瞳をきらめかせたユフィが大きくあぐらをかいたリヴァイの足の間に腰を下ろすと、すぐに二人を包むように背後から毛布にくるまれた。
同時に、リヴァイ特有の爽やかな石鹸の香りが鼻孔をかすめるので、ユフィは甘酸っぱくて幸せな気持ちになる。
リヴァイとユフィは恋仲だが、その関係を公にしていない。
だからこうやって二人だけの時間を見つけては、人目を忍んで恋人としてのひとときを過ごすのだった。
「もう寒くなくなったか?」
「はい、あったかいです……。」
「よし。風邪引かれちゃ困るからな。」
手厳しい仕事中とは違って、二人きりのときはユフィを甘やかし、よく気づかってくれるリヴァイ。

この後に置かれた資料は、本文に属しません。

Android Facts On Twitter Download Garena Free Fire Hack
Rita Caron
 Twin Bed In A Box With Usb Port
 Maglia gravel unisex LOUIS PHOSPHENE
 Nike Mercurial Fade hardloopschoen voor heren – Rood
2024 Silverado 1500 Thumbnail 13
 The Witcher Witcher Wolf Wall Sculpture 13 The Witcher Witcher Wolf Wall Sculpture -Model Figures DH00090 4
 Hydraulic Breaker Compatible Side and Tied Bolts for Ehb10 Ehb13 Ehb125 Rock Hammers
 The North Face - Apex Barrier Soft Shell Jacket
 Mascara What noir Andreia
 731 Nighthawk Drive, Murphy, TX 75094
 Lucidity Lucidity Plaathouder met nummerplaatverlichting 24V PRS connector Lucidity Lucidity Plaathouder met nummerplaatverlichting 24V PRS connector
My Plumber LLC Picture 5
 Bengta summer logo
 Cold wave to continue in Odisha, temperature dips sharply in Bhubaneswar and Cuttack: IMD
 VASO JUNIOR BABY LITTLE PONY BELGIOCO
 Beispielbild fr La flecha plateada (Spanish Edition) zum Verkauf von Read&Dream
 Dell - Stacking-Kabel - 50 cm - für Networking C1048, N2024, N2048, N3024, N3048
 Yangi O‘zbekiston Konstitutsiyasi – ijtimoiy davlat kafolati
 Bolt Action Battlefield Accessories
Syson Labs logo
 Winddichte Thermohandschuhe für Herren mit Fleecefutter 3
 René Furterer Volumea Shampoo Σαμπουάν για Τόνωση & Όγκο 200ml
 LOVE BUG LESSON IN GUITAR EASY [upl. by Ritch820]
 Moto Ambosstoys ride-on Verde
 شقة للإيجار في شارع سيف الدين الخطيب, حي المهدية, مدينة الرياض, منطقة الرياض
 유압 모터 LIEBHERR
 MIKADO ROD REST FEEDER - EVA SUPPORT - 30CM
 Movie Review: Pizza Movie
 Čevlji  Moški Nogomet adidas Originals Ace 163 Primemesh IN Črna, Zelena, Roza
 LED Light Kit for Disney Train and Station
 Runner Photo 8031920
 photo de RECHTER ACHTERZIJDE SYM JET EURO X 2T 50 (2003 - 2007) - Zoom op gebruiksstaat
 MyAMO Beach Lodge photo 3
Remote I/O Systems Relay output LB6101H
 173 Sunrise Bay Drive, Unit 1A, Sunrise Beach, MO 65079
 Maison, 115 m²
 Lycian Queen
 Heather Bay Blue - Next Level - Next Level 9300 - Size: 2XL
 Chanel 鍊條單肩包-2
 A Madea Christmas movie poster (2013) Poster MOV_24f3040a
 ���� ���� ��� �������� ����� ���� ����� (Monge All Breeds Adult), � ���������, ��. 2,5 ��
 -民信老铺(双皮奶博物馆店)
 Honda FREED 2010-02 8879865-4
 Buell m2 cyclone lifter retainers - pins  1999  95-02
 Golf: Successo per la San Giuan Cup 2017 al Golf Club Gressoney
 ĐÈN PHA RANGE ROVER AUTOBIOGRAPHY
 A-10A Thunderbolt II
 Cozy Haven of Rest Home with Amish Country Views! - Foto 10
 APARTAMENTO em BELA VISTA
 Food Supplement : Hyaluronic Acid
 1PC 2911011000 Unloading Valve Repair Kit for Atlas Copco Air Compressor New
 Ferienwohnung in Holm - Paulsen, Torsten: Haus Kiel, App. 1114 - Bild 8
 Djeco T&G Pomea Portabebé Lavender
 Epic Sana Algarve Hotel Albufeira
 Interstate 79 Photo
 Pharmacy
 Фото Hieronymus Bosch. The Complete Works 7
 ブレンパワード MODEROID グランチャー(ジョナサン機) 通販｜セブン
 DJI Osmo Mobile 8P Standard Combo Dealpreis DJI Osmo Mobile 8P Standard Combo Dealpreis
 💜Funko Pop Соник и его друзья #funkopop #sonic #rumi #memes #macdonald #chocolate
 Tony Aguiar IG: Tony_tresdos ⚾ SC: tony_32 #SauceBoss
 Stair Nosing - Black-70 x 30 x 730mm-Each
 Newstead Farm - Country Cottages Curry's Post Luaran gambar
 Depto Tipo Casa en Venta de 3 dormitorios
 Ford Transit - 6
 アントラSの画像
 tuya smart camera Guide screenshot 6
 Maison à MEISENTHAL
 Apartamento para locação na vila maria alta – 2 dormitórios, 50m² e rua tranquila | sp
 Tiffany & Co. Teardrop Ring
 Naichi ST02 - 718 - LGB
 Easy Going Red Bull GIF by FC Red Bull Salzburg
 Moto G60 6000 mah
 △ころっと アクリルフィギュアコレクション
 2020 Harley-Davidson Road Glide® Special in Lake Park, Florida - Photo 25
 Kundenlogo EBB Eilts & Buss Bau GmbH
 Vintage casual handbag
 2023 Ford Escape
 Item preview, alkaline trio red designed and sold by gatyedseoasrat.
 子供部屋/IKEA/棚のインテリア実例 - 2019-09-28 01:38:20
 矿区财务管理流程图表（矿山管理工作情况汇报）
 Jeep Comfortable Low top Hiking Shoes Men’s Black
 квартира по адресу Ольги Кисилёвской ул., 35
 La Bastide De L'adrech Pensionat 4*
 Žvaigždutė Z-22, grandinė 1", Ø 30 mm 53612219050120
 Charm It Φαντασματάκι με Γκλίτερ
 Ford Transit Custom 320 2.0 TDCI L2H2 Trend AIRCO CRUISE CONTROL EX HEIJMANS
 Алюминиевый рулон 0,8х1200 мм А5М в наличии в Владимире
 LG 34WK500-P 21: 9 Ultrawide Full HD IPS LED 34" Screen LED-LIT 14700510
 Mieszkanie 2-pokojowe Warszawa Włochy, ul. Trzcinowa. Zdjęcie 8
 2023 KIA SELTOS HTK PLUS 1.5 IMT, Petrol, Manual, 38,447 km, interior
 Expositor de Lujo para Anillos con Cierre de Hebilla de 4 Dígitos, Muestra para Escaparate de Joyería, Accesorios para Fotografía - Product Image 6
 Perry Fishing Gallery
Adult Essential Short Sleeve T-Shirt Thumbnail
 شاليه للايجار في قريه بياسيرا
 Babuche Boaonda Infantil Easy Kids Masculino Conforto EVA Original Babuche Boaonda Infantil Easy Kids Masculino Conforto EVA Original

密会するたびにそのギャップは彼女の乙女心をキュンキュンさせている。
毛布の中で後ろから抱きしめ、リヴァイはユフィの髪に唇を埋めるようにキスを落とした。
「……っ。」
その感触に気付き、照れて彼女は頬を染めた。
最近、常々感じていることがある。
密会することでしか二人で過ごせないが、それでも彼はこんなにも愛してくれている。
その一方で、自分は一体どのくらい返せているのだろう、と。
恥ずかしがって自分から「好き」の一言もなかなか言えない現状だ。
(……!)
ぼんやりと輝く月を眺めていたら、突如ひらめくものがあった。
そのアイディアは、照れ屋な自分にとってはうってつけなような気がした。
二人を見守る月がユフィの背中を押す。
「兵長。」
「なんだ。」
「つ、つき……、」
緊張してどもってしまった。
それでもリヴァイはユフィの言葉をじっと待っていてくれる。
改めてこほんと咳払いし、冷たい空気を吸い込んだ。
「……月が綺麗ですね……っ。」
わざとらしさが滲み出てしまったが、言えた。
彼が知っているかどうかまでは分からないが、それは「あなたを愛しています」を意味する有名なフレーズだった。
口にしてから急に恥ずかしくなってきて、脈拍が早くなる。
ほどなくして。
「……俺もそう思っていた。」
「!」
静かに聞こえた、返答。
抱きしめていた片手が彼女のあごに触れ、つい、と後ろを向くように導かれる。
すぐそばにあったリヴァイのどこか切なく愛しげな瞳。
その視線にとらえられたかと思えば、彼はゆっくりと顔を傾けて距離を詰めてきた。
ユフィもまぶたを閉じながら、あごに添えられているリヴァイの袖をきゅっと掴む。
冷たくも熱くも感じる唇が、そっと重なった。
ユフィにとって精一杯の愛情表現だったけれど、きっと伝わっただろう。
肩に感じる彼の心拍数が、いつもより、せわしないから。